If you expect to learn something new about Joschka Fischer, you should not watch this film. In this documentary he hardly talks about private stuff but rather about post-war events and - a bit - about their impact on him.

The entire documentary shows Joschka Fischer in a video installation where he sees scenes of his own live and it streams the scenes themselves. We learn that he grew up in an environment where people voted for the Christian Democratic Union and that he was an altar boy. The film moves on to his early political live, eg the killing of Benno Ohnesorg by the police, the terror by the Red Army Faction and how he finally became minister.

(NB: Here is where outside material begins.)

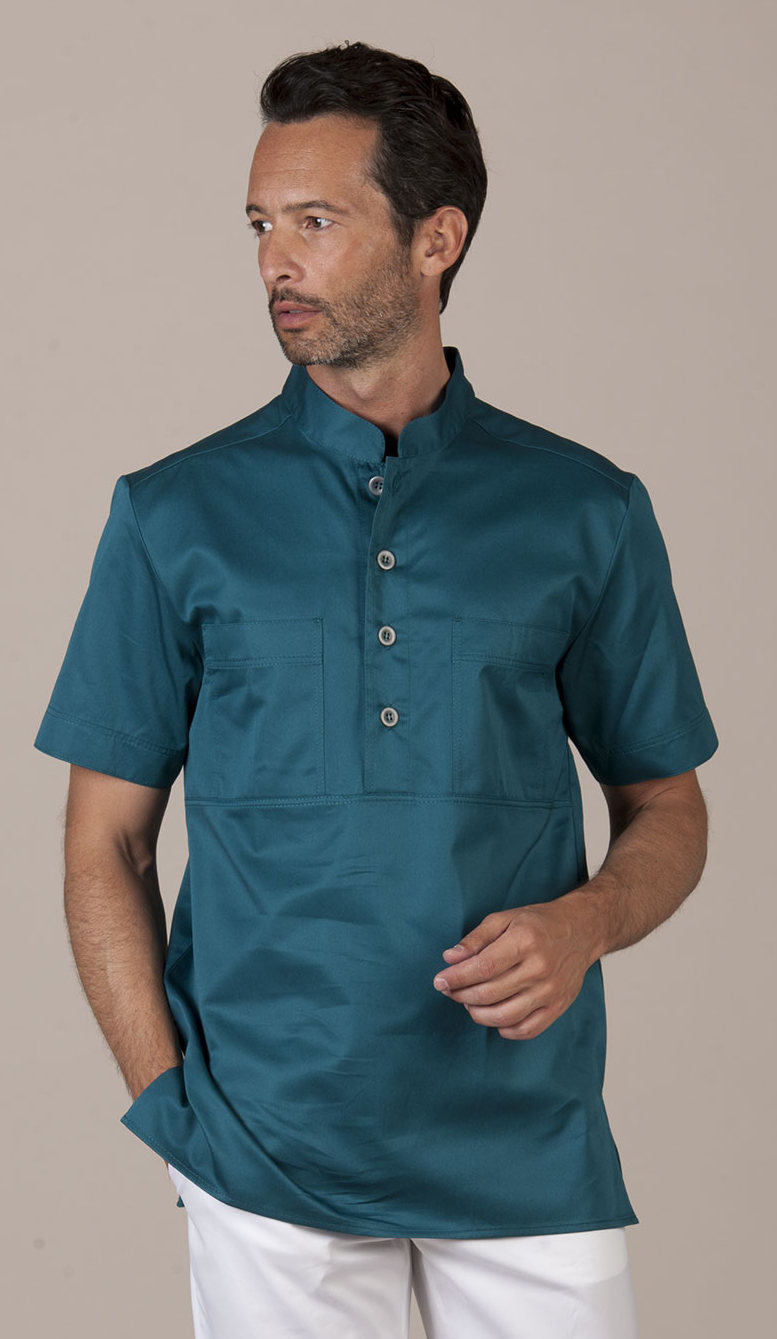 GUADALUPE, Boja: PR - Petrol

Here the film does get a little personal: Fischer describes why he had to wear sneakers and a naff jacket even though he did not like them and how awful it was for him to head a huge administration where he has to learn who is responsible for what.

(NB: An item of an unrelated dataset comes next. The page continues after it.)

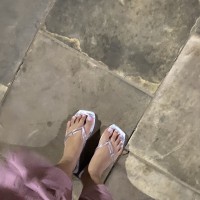 Sexy feet and others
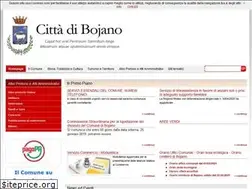 Sites similar to comune.bojano.cb.it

Later on, when he was Foreign Minister, he was responsible for sending German soldiers to former Yugoslavia - without a UN mandate. He tries to explain why he did so but seems rather wishy-washy. After all, he is a "realo", while the fundamentalist Greens nowadays have left Germany's parliament(s).

If you want to learn more about him, his motives etc, you should probably read "Mein langer Lauf zu mir selbst" - which I haven't - but if you want to know more about Germany's history after the Second World War, you will get concise information in just 140 minutes. As I am not that much interested in some politician's private live, I liked this film.